Freehills
- Headquarters: MLC Centre Sydney, Australia
- No. of offices: 5
- No. of lawyers: 800+ lawyers and 190+ partners
- No. of employees: 1,750+
- Major practice areas: Corporate and commercial
- Key people: Gavin Bell, CEO/Managing Partner
- Revenue: $565 million (2011-12)
- Date founded: 1852
- Company type: Partnership
- Dissolved: 30 September 2012 to form Herbert Smith Freehills
- Website: www.freehills.com

= Freehills =

Former Australian commercial law firm

Freehills was a commercial law firm operating in the Asia Pacific region. It was one of the Big Six Australian law firms. In 2012 it merged with Herbert Smith to become Herbert Smith Freehills.

==History==
The firm's predecessors include the practices Clarke & Moule in Melbourne (1853), Stephen Henry Parker in Perth (1868), Bernard Austin Freehill in Sydney (1871) and John Nicholson in Perth (1896).

The Sydney firm became Freehill Hollingdale & Page in 1947 and began to grow under the direction of partner Brian Page, who took the firm into corporate and commercial practice within Australia and internationally. Page was also notable for his open employment policy, hiring Catholics and Jews when many other firms would not.

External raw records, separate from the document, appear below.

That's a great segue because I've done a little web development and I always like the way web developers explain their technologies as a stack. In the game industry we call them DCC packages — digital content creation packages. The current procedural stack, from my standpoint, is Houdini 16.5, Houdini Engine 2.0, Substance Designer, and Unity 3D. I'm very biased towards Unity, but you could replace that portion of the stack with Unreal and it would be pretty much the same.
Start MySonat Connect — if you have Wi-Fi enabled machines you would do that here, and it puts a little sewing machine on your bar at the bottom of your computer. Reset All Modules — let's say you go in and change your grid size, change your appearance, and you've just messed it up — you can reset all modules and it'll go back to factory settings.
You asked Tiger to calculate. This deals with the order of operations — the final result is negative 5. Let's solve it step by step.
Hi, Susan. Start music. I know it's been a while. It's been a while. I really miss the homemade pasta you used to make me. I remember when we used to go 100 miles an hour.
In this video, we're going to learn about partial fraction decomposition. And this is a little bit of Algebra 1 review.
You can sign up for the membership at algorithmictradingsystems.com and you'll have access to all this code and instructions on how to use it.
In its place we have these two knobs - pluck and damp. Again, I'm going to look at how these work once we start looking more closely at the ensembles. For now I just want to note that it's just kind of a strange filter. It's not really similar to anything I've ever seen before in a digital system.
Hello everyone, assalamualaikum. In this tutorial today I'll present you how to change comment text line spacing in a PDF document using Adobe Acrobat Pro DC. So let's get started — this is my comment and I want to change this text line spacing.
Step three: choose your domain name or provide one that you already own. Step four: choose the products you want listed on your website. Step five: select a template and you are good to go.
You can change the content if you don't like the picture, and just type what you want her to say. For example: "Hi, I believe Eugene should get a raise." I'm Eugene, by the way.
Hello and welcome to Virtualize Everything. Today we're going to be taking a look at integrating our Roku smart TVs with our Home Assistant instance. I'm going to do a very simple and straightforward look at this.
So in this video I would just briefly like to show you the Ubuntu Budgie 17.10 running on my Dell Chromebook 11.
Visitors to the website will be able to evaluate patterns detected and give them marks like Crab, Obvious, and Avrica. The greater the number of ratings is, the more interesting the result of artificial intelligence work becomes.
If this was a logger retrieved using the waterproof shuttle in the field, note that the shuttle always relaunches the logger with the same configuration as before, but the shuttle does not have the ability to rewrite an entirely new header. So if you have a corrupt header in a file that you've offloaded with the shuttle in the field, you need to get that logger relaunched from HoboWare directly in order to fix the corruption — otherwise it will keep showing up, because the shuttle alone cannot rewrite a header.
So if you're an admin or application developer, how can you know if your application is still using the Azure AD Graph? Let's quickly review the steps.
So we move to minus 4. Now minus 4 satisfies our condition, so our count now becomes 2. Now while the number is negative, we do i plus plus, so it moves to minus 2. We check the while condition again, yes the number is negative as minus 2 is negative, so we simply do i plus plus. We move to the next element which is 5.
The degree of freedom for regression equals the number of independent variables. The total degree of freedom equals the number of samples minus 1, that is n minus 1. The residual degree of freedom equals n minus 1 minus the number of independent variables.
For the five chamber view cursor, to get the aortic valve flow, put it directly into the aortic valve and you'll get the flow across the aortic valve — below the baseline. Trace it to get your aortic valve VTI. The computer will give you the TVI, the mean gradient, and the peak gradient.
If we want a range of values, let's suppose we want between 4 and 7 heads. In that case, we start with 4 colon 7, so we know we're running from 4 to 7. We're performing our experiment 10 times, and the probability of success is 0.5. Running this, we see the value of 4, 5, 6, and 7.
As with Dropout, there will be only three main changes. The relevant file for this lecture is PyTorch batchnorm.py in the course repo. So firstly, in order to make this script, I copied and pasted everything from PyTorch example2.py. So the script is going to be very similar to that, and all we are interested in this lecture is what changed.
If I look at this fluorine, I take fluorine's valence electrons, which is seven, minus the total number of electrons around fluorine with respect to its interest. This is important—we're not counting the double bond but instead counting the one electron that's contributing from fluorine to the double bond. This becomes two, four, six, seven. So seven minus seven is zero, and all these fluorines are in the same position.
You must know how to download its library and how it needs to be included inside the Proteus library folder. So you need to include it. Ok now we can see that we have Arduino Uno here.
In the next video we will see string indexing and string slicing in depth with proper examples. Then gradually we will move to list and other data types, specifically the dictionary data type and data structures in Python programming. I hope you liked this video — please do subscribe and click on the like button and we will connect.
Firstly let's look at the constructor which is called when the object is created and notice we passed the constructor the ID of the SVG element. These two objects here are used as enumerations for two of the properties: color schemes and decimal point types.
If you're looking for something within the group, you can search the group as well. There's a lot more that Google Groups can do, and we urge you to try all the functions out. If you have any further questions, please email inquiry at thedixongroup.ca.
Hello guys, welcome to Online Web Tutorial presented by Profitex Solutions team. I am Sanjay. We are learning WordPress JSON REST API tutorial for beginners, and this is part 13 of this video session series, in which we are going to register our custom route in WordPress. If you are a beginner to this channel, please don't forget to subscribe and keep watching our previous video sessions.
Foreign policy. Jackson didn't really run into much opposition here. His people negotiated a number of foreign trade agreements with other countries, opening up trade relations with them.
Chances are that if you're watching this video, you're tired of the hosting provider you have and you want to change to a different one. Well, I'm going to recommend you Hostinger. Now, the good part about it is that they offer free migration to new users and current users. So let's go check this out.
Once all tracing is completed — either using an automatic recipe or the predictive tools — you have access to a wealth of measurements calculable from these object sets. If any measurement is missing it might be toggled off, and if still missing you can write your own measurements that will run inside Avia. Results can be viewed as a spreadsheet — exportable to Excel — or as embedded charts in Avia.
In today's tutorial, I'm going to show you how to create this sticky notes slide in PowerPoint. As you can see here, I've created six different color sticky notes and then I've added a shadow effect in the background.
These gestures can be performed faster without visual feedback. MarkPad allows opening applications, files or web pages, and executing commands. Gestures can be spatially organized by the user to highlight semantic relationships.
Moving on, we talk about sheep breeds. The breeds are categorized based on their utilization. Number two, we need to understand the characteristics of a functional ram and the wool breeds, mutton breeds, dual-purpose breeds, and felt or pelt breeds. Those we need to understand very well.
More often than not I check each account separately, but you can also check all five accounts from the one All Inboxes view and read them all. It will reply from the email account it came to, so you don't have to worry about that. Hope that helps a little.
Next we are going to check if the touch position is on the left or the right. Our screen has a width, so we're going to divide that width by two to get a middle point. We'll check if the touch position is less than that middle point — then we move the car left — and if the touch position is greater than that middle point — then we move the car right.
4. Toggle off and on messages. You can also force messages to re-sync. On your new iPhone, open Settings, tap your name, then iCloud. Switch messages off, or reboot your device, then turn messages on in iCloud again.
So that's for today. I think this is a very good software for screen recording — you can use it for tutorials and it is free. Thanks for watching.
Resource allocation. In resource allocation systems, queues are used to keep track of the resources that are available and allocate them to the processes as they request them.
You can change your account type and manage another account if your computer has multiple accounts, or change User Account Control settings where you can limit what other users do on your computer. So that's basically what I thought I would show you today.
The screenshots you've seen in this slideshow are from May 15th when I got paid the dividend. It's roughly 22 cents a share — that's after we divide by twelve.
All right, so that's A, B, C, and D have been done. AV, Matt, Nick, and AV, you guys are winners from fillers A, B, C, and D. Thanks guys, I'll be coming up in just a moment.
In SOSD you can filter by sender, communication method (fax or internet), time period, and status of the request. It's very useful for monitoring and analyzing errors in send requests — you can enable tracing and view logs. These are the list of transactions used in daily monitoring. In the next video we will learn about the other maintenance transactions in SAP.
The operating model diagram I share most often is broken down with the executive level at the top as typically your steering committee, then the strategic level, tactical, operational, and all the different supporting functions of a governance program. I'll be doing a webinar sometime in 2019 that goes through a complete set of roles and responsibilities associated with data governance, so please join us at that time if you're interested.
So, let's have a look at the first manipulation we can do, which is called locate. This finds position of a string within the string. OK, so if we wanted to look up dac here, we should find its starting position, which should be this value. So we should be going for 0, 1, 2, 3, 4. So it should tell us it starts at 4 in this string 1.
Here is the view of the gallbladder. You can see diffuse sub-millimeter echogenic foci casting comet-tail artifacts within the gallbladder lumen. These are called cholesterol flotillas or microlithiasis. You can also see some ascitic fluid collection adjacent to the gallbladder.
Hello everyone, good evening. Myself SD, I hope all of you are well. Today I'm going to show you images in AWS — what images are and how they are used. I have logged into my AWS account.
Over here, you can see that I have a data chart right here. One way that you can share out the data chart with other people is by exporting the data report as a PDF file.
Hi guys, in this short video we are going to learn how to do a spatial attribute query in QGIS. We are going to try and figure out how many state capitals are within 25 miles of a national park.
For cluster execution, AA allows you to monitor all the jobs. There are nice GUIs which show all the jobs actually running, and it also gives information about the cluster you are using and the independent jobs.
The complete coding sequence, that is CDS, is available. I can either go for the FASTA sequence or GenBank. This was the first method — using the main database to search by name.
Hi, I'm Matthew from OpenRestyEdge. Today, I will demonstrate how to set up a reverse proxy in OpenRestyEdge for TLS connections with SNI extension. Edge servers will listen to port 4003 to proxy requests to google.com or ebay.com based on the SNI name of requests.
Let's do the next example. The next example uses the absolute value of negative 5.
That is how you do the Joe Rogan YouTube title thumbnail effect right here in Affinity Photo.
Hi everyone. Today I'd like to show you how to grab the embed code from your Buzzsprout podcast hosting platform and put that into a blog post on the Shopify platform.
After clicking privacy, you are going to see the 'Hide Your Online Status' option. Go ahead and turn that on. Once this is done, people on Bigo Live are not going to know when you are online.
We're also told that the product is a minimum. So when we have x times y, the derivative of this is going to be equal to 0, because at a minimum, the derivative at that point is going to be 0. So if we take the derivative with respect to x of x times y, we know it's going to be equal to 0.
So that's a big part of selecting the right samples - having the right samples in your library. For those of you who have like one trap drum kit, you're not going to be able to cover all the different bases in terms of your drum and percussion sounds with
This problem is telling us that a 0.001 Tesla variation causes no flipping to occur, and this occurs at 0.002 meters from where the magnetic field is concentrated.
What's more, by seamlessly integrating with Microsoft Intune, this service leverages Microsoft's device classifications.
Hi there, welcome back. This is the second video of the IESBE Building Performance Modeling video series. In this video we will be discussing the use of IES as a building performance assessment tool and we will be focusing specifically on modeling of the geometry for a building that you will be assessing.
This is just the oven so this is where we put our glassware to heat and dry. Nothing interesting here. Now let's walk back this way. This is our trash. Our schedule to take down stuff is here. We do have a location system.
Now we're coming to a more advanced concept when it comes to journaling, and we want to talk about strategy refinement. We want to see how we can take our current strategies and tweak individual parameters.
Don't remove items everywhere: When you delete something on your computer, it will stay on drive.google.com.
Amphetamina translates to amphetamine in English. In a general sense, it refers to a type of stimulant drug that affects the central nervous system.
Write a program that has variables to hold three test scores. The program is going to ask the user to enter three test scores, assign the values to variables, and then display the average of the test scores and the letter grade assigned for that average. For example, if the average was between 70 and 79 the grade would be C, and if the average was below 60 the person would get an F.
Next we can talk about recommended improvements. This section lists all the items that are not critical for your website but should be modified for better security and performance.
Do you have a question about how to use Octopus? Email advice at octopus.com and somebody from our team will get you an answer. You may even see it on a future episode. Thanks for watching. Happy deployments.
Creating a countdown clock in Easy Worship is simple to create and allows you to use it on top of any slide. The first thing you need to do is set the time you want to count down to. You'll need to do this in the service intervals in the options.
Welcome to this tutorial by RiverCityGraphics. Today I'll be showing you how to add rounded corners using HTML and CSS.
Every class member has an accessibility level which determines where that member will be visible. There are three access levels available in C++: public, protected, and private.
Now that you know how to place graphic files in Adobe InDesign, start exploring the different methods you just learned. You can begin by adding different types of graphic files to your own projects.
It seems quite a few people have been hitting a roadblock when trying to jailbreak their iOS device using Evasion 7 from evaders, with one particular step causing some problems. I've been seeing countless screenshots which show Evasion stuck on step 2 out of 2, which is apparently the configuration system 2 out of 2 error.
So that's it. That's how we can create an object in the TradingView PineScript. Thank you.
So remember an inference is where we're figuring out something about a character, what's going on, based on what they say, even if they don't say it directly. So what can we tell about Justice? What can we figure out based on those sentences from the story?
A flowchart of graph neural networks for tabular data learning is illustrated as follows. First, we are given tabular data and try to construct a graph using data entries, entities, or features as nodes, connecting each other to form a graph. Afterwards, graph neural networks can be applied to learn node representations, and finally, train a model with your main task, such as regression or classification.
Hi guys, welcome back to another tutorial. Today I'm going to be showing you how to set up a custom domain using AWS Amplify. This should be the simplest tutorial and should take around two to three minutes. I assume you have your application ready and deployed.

In 1978 Freehill Hollingdale & Page became the first major Australian law firm to appoint a female partner. In 1979 Muir Williams Nicholson & Co, Perth signed an agreement with Freehill Hollingdale & Page to form Australia's first national law partnership.

In 2000, the state Freehill Hollingdale & Page partnerships became a single national partnership and was rebranded Freehills.

In 2012, the firm had over 800 lawyers and over 190 partners. On 1 October 2012 Freehills merged with international law firm Herbert Smith to form Herbert Smith Freehills with a single global equity partnership.

==Operations==
===Offices===
Freehills had Australian offices in Sydney, Melbourne, Perth and Brisbane; and an office in Singapore. It was associated with the firm Soemadipradja & Taher in Indonesia, Frasers Law Company in Vietnam, and TransAsia Lawyers in China.

===Pro bono services===
Freehills had a pro bono program which, under the leadership of the late Keith Steele, saw the establishment of the Shopfront Youth Legal Centre in Kings Cross.

The firm seconded solicitors to a number of community legal centres and services including the Public Interest Law Clearing House in Victoria, the Kingsford Legal Centre.

==Greenwoods & Freehills==
In 1985, Greenwoods & Freehills was established in Sydney as a specialist tax practice when accounting firm Greenwood Challoner and Freehill, Hollingdale & Page tax practice merged. Offices opened in Melbourne (2005) and Perth (2012) In 2008, the Greenwoods & Freehills merged with Shaddick & Spence to create Australia's largest specialist tax practice.